Si Muhammad Yunus s’est dit satisfait, dans le magazine britannique The Economist mardi, de la démission du gouvernement puis de la fuite de la Première ministre Sheikh Hasina en raison des manifestations, il a déploré "la perte de plus de 300 vies dans des violences cautionnées par l’Etat contre des manifestants pacifiques et des passants". Pour que "ces vies n’aient pas été données en vain", écrit-il encore, la prochaine étape consistera à "garantir la tenue d’élections libres et équitables dans les quelques mois à venir." "Nous avons besoin de toute urgence de nouveaux hommes politiques et de nouveaux dirigeants", a-t-il insisté, ajoutant qu’il fallait que les jeunes "ne soient pas obsédés par les règlements de comptes, comme l’ont été trop de nos gouvernements précédents".
Tarique Rahman, président par intérim du Parti nationaliste du Bangladesh (BNP), principal mouvement d’opposition à Sheikh Hasina, a lui aussi appelé à la tenue d’un scrutin "le plus vite possible", lors d’un discours vidéo adressé à une immense foule à Dacca, et depuis l’exil londonien qu’il a pris sous le mandat de Sheikh Hasina.
La décision "de former un gouvernement intérimaire […] avec Yunus comme chef" a été prise lors d’une rencontre entre le président Mohammed Shahabuddin, de hauts dignitaires de l’armée et des responsables du collectif Etudiants contre la discrimination, principal mouvement à l’origine des manifestations initiées début juillet, selon un communiqué de la présidence bangladaise mercredi.
Nahid Islam, meneur du collectif estudiantin qui a participé à la réunion avec le chef de l’Etat, a avancé que le prix Nobel aurait le titre de conseiller en chef.

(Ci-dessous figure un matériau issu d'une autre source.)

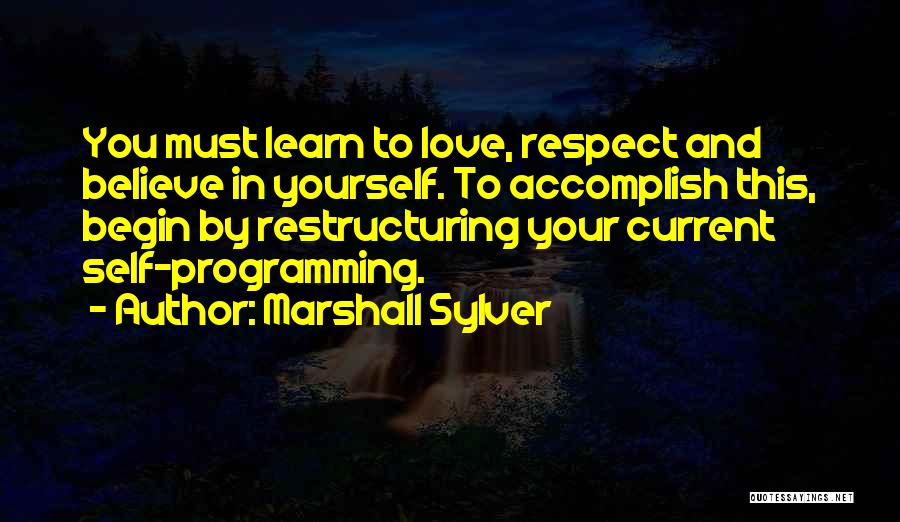 Love And Respect Yourself Quotes By Marshall Sylver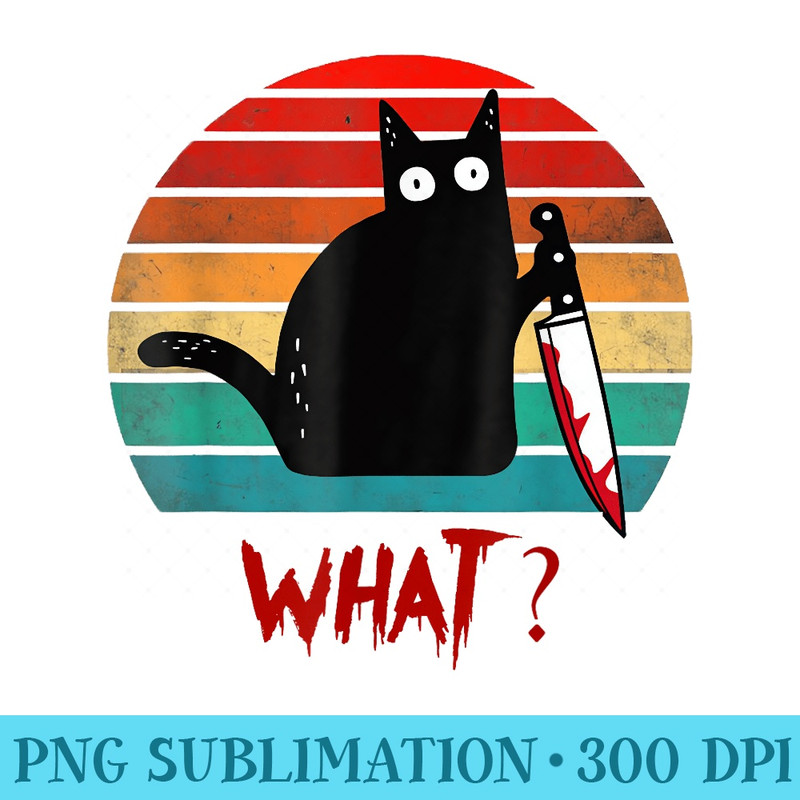 Vintage Cat What Funny Black Cat Murderous Cat With Knife - PNG design downloads - Perfect for Personalization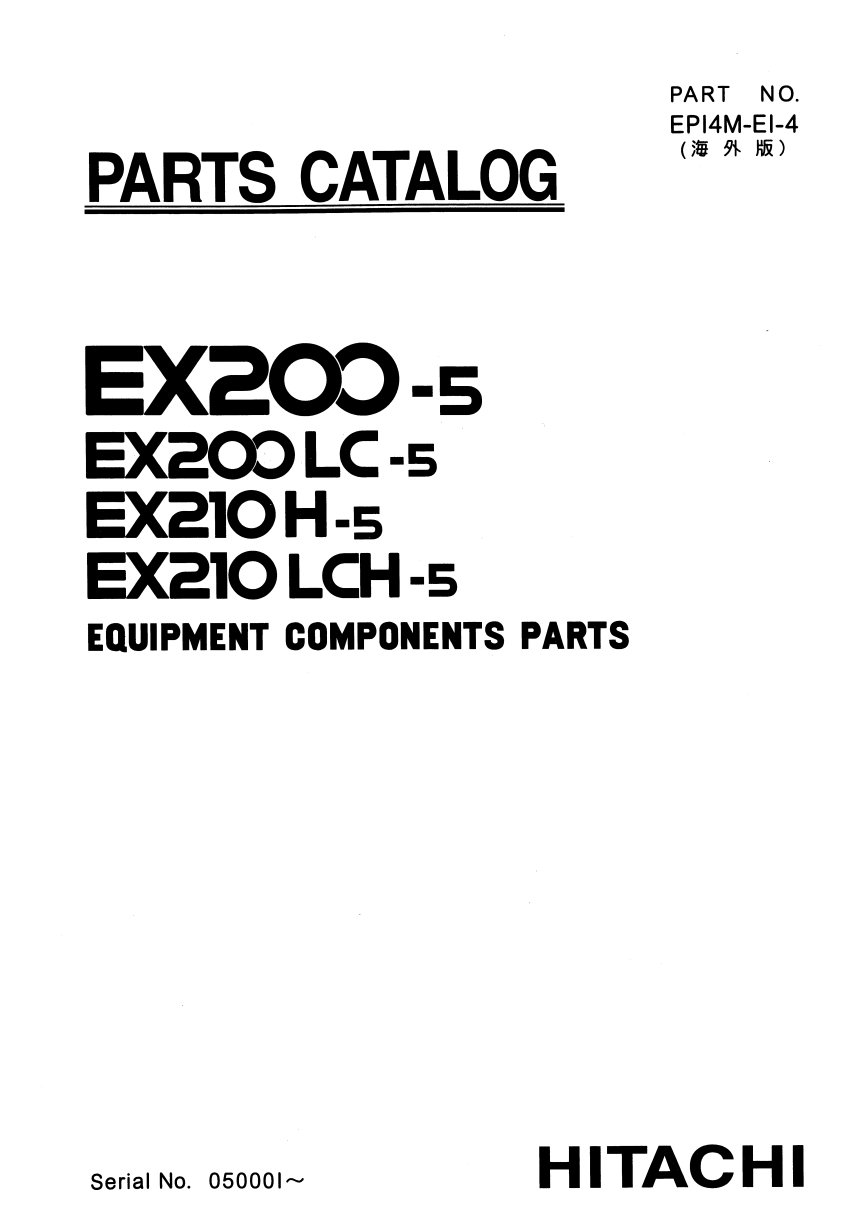 HITACHI EX200-5 EX200 LC-5 EX210 H-5 EX210 LCH-5 PARTS CATALOG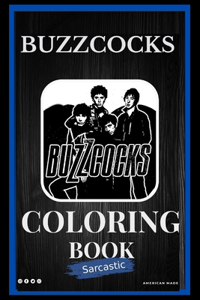 Buzzcocks Sarcastic Coloring Book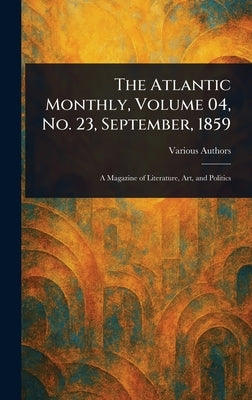 The Atlantic Monthly, Volume 04, No. 23, September, 1859 by Various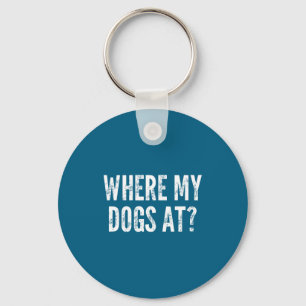 Where My Dogs At_ - Funny Saying Sarcastic Cute Co Key Ring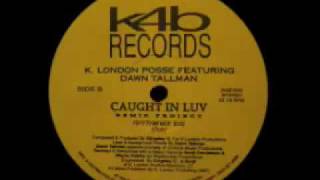 K. London Posse Featuring Dawn Tallman - Caught In Luv (Rhythm Mix Dub)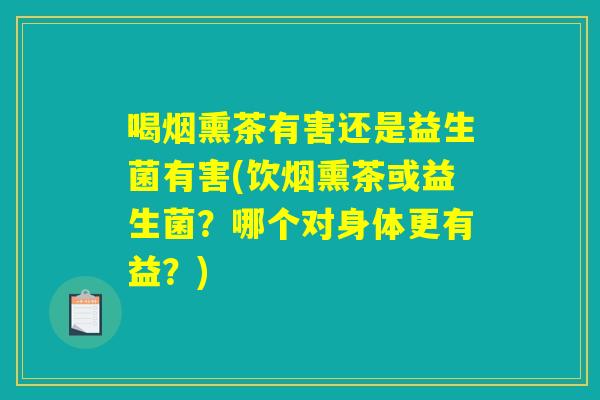 喝烟熏茶有害还是益生菌有害(饮烟熏茶或益生菌?哪个对身体更有益?) 喝烟熏茶有害还是益生菌有害(饮烟熏茶或益生菌?哪个对身体更有益?)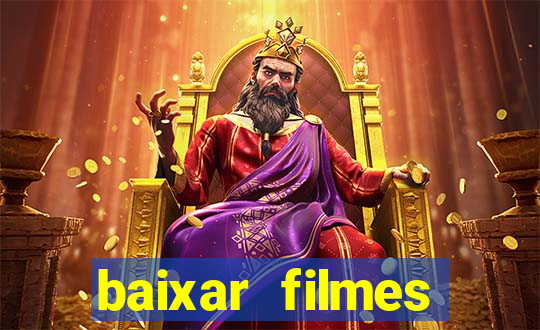 baixar filmes torrents dublados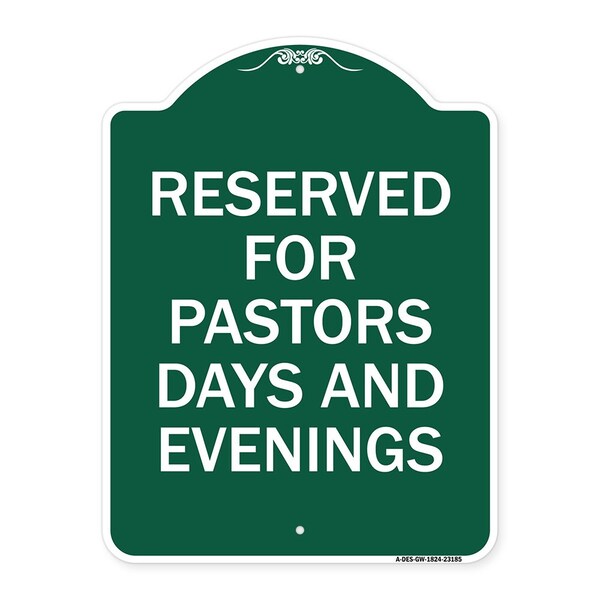 Reserved for Pastors Days and Evenings, Green & White Aluminum Sign, 18" x 24", GW-1824-23185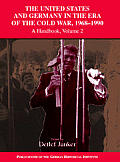 United States & Germany in the Era of the Cold War 1968-1990 A Handbook VOL 2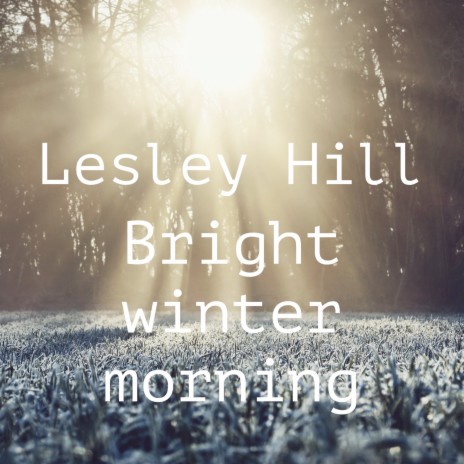 Bright Winter Morning | Boomplay Music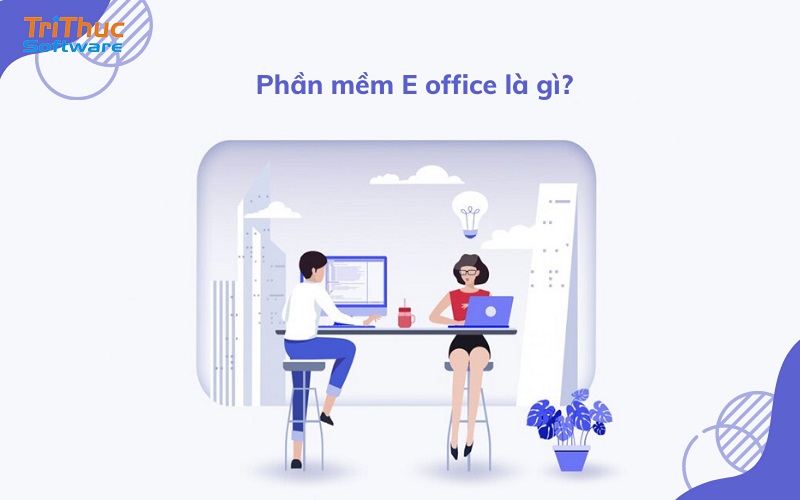 Xem Ngay 5+ Phần Mềm Eoffice Được Dùng Nhiều Nhất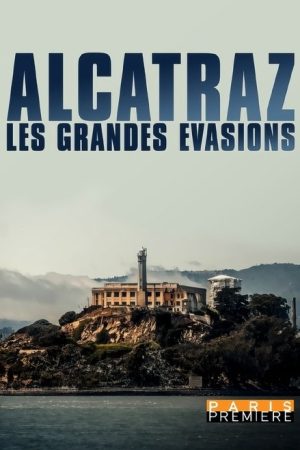 Alcatraz: The Great Escapes (2018) poster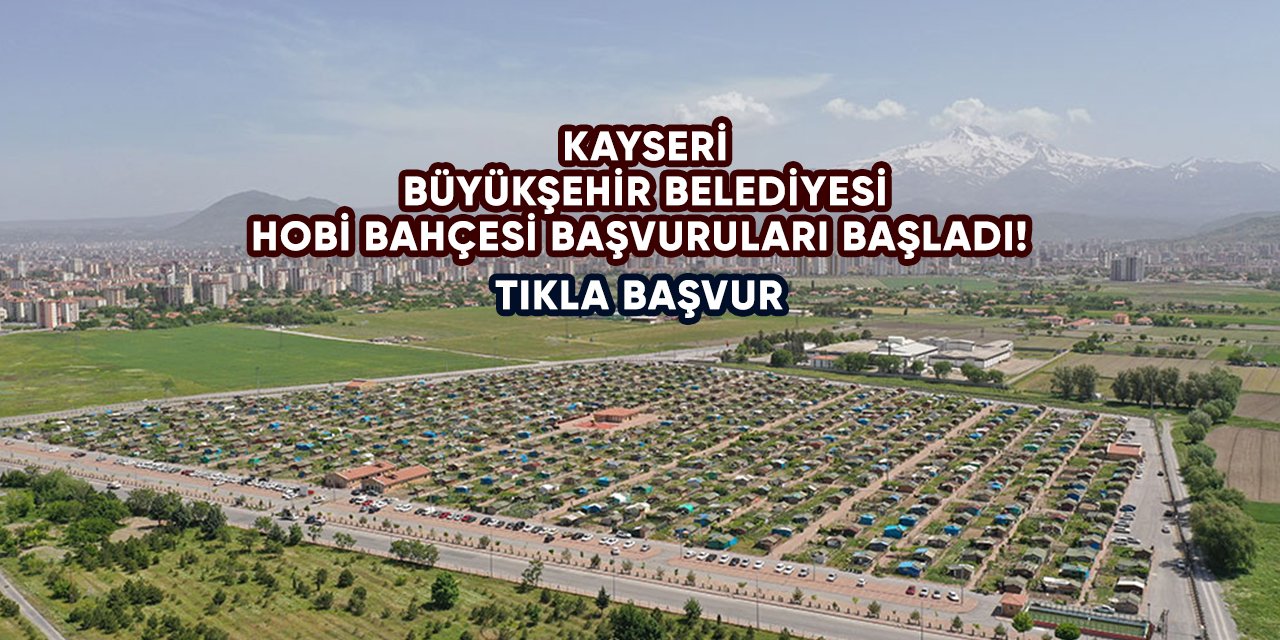Kayseri Büyükşehir Belediyesi hobi bahçesi başvurusu 2024 | TIKLA BAŞVUR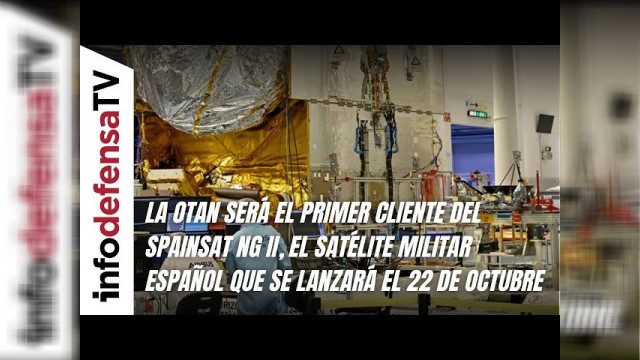 La OTAN será el primer cliente del SpainSat NG II, el satélite militar español que se lanzará el 22 de octubre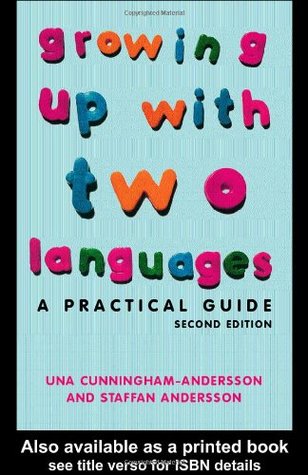 Growing Up with Two Languages: A Practical Guide 2nd Edition (Paperback)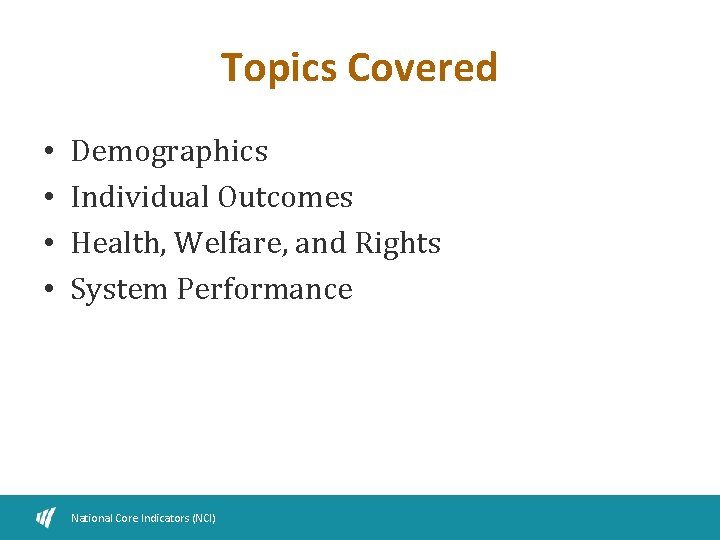 Topics Covered • • Demographics Individual Outcomes Health, Welfare, and Rights System Performance National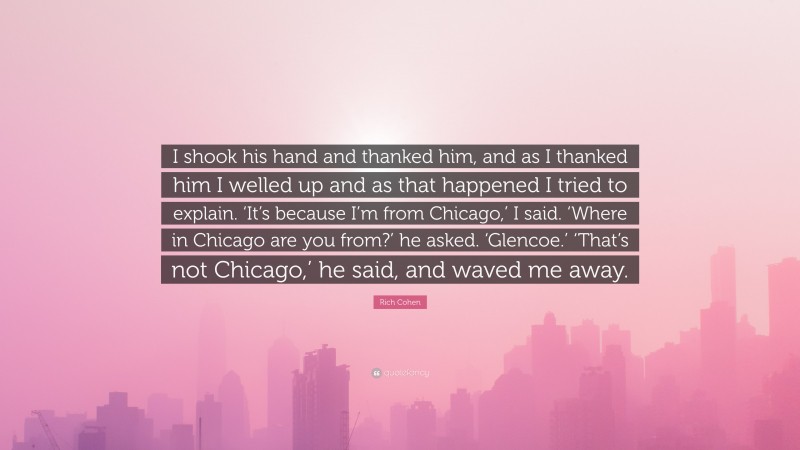 Rich Cohen Quote: “I shook his hand and thanked him, and as I thanked him I welled up and as that happened I tried to explain. ‘It’s because I’m from Chicago,’ I said. ‘Where in Chicago are you from?’ he asked. ‘Glencoe.’ ‘That’s not Chicago,’ he said, and waved me away.”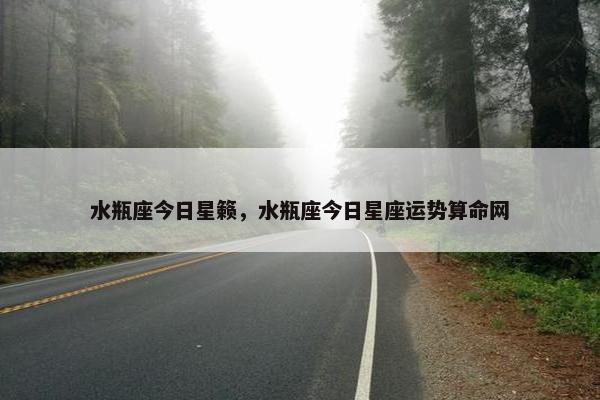水瓶座今日星籁，水瓶座今日星座运势算命网
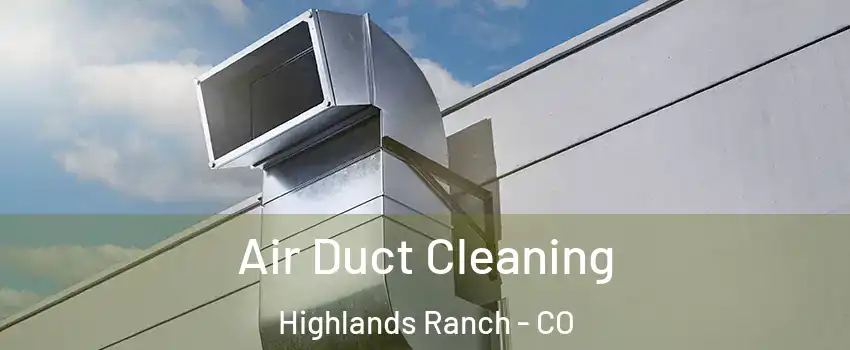  Air Duct Cleaning Highlands Ranch - CO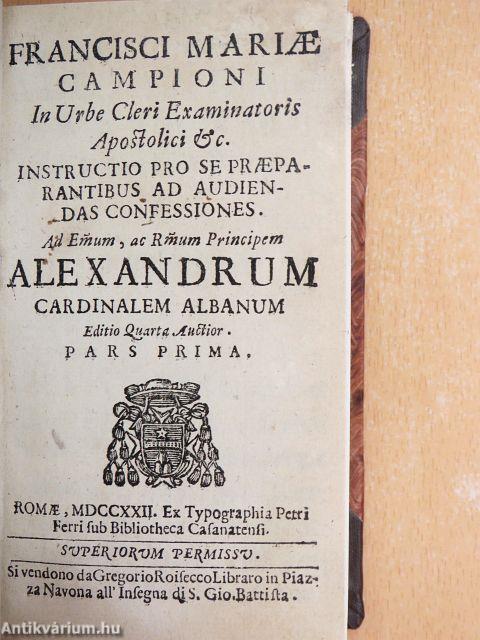 Francisci Mariae Campioni in Urbe Cleri Examinatoris Apostolici I.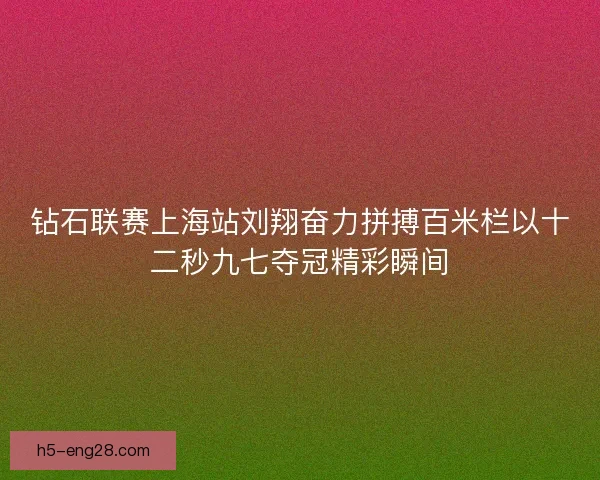 钻石联赛上海站刘翔奋力拼搏百米栏以十二秒九七夺冠精彩瞬间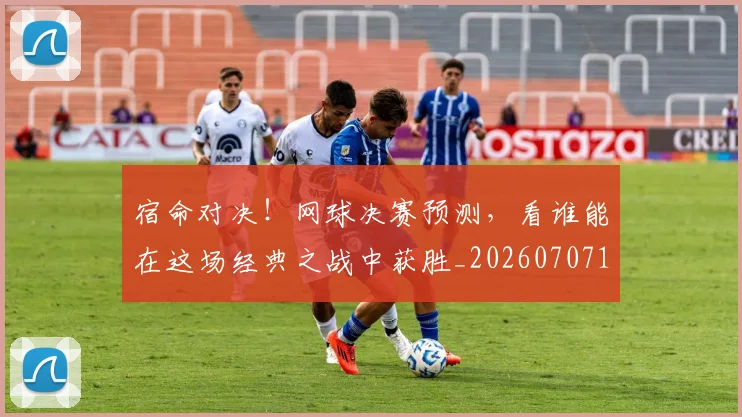 宿命对决！网球决赛预测，看谁能在这场经典之战中获胜_20260707144818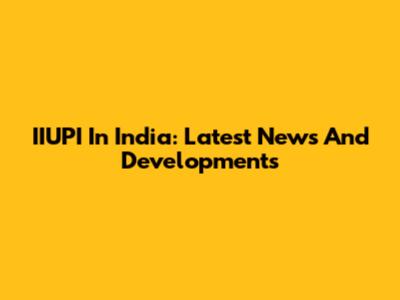 IIUPI In India: Latest News And Developments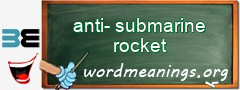 WordMeaning blackboard for anti-submarine rocket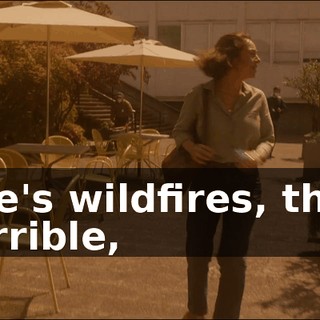 There's wildfires, the air is terrible,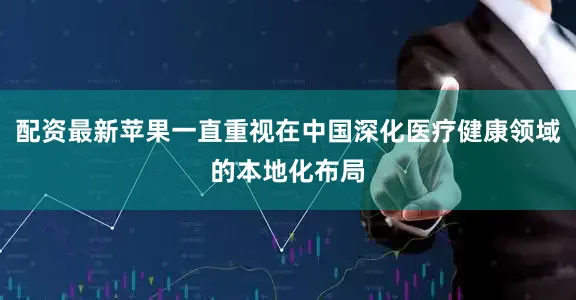 配资最新苹果一直重视在中国深化医疗健康领域的本地化布局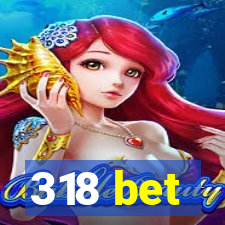 318 bet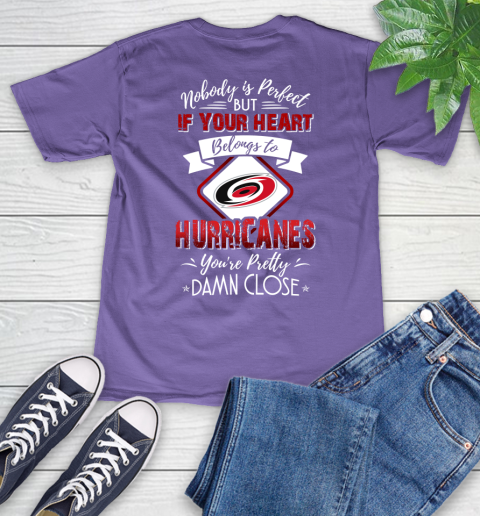 NHL Hockey Carolina Hurricanes Nobody Is Perfect But If Your Heart Belongs To Hurricanes You're Pretty Damn Close Shirt V-Neck T-Shirt 8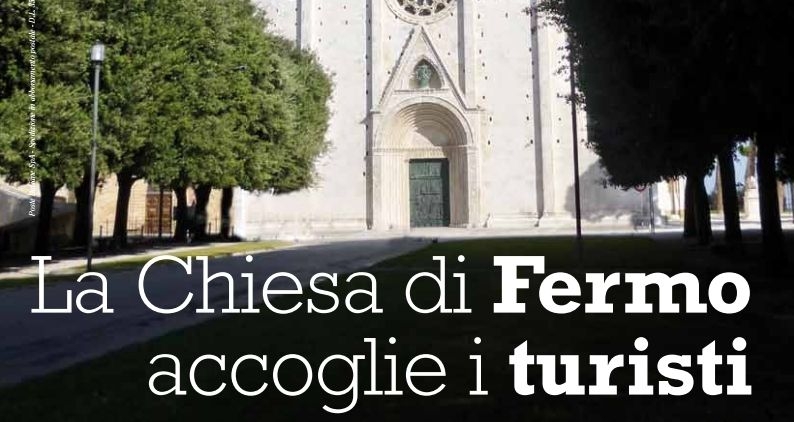 La Chiesa di Fermo accoglie i Turisti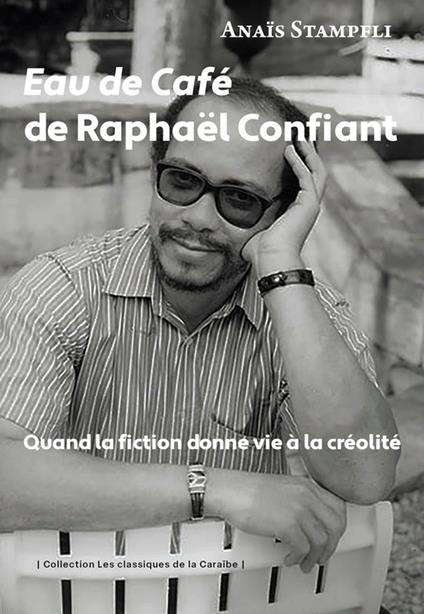 Eau de café de Raphaël Confiant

Le président Shahabuddin a dissous mardi le Parlement, comme le réclamaient les étudiants protestataires et le BNP. Lundi, il avait ordonné la libération des personnes arrêtées lors des manifestations et des prisonniers politiques, y compris Michael Chakma, un militant indigène incarcéré dans une prison secrète depuis 2019, a assuré mercredi son parti, le Front démocratique du peuple uni. Le chef de la police nationale a été limogé par le président Shahabuddin et l’armée a procédé à plusieurs remaniements parmi ses hauts gradés, notamment en rétrogradant certains d’entre eux jugés proches de Sheikh Hasina.
Lundi a été la journée la plus meurtrière depuis le début du mouvement, avec au moins 122 morts en 24 heures. Pour Thomas Kean, du think tank International Crisis Group, les nouvelles autorités font désormais face à un formidable défi : celui de "reconstruire la démocratie au Bangladesh, qui a été gravement abîmée ces dernières années".